Time complexity measures how an algorithm's runtime grows as input size increases, while space complexity measures how much memory it uses. Both are expressed using Big-O notation to describe worst-case, average-case, or best-case behavior. Analyzing complexity lets us compare algorithms and choose the most efficient solution for a given problem size. Common complexity classes include O(1), O(log n), O(n), O(n log n), O(n²), and O(2ⁿ).
Start by analyzing simple loops and nested loops, counting operations as a function of n before abstracting to Big-O. Compare concrete runtimes against theoretical predictions for small inputs. Practice deriving complexity for recursion using substitution or the Master Theorem.
From Big-O notation you learned to express how a quantity grows relative to input size n. Time and space complexity apply that tool to two concrete resources: computation steps and memory. Time complexity counts how many operations an algorithm performs as a function of n. Space complexity counts how many memory cells it occupies. Both use Big-O to describe growth in the worst case (usually) or average case, and both abstract away constant factors — O(2n) and O(n) are the same complexity class.

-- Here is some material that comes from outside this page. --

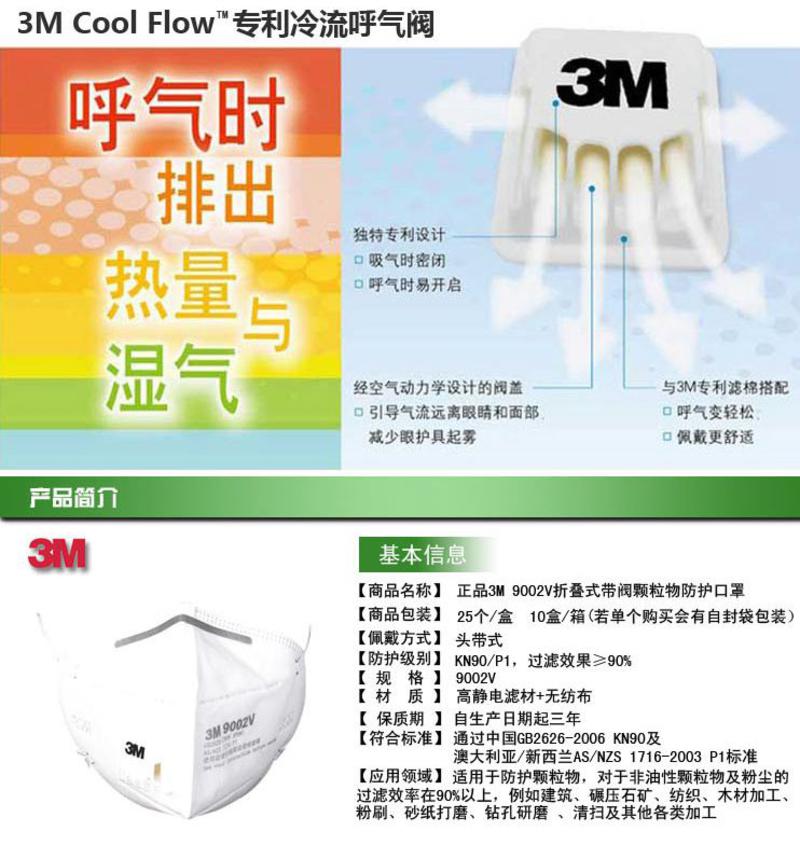 3M9002V口罩 防尘防雾霾 PM2.5口罩 头带呼吸阀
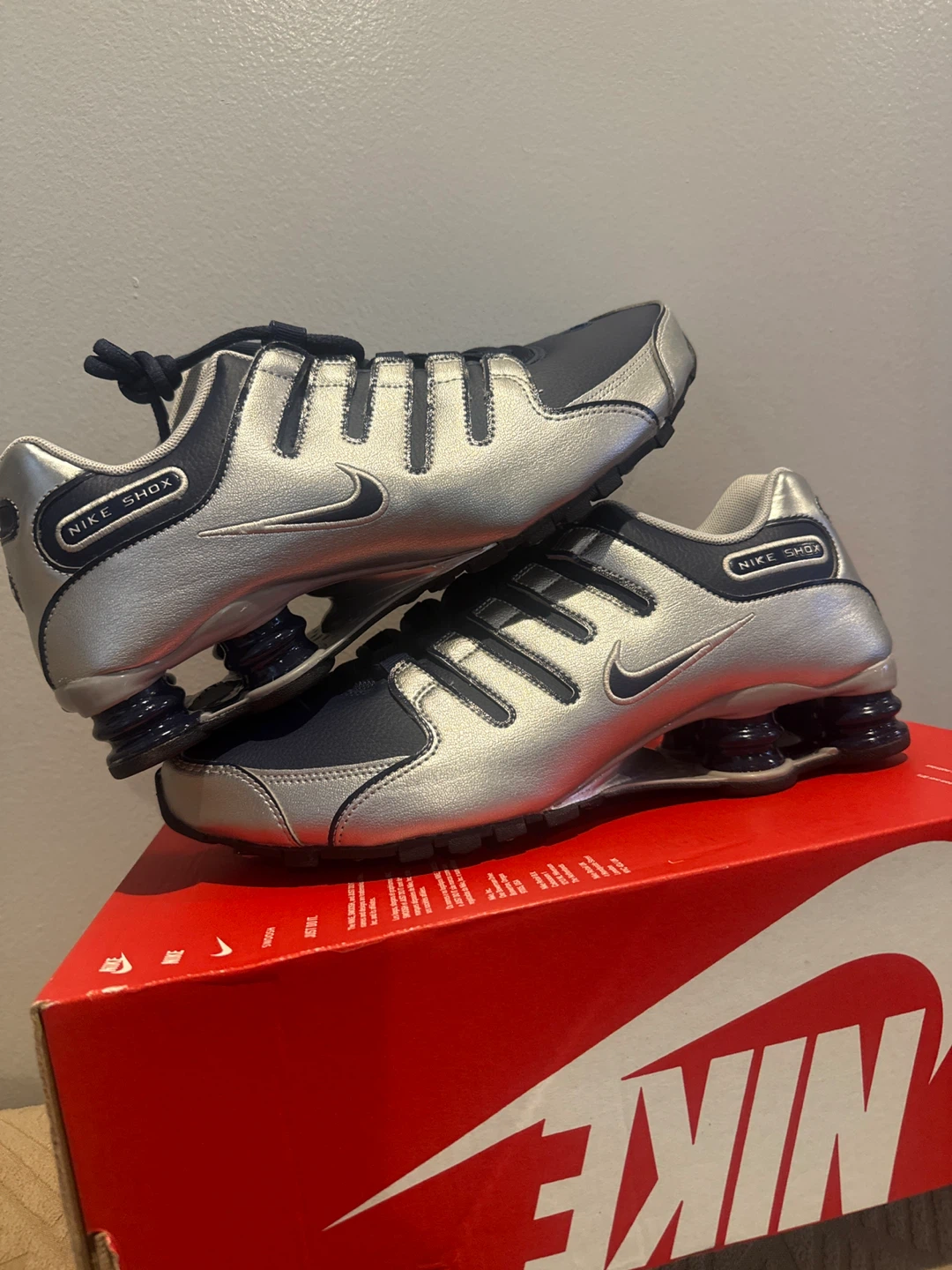 Nike Shox Silver and Navy Sneakers - photo 5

The practical importance of complexity becomes clear when n gets large. An O(n²) algorithm on n=1,000 takes a million operations; on n=1,000,000 it takes a trillion. An O(n log n) algorithm on n=1,000,000 takes only about 20 million operations. These differences are not tuning details — they determine whether a program finishes in milliseconds or never. Developing intuition for complexity classes helps you predict this before you write a single line of code.
Nested loops are the most common source of O(n²) complexity: an outer loop runs n times, and an inner loop runs n times per iteration, giving n² total operations. A single loop is O(n). Halving the input on each step (binary search, balanced tree operations) produces O(log n). Algorithms that both iterate and halve — like merge sort — land at O(n log n), which is why that complexity class is so important. Recursion can be analyzed by drawing the recursion tree or applying the Master Theorem, which you will encounter formally in amortized analysis.
Space complexity is often overlooked but equally important in practice. An algorithm's space usage includes both the input itself and auxiliary space — extra memory allocated during execution (call stack frames, temporary arrays, hash tables). Some algorithms are in-place, using O(1) auxiliary space regardless of input size (like insertion sort); others require O(n) extra memory (like merge sort's temporary arrays). When memory is constrained — embedded systems, working with data larger than RAM — a higher time complexity may be acceptable if it saves memory. The time-space trade-off is a recurring theme in algorithm design.
Finally, note that worst-case, average-case, and best-case complexities can all differ. Quicksort is O(n²) in the worst case but O(n log n) on average and in practice with good pivot selection. Reporting only one number can be misleading. When analyzing or comparing algorithms, ask which case the stated complexity describes — and whether that case is common or pathological in your actual usage.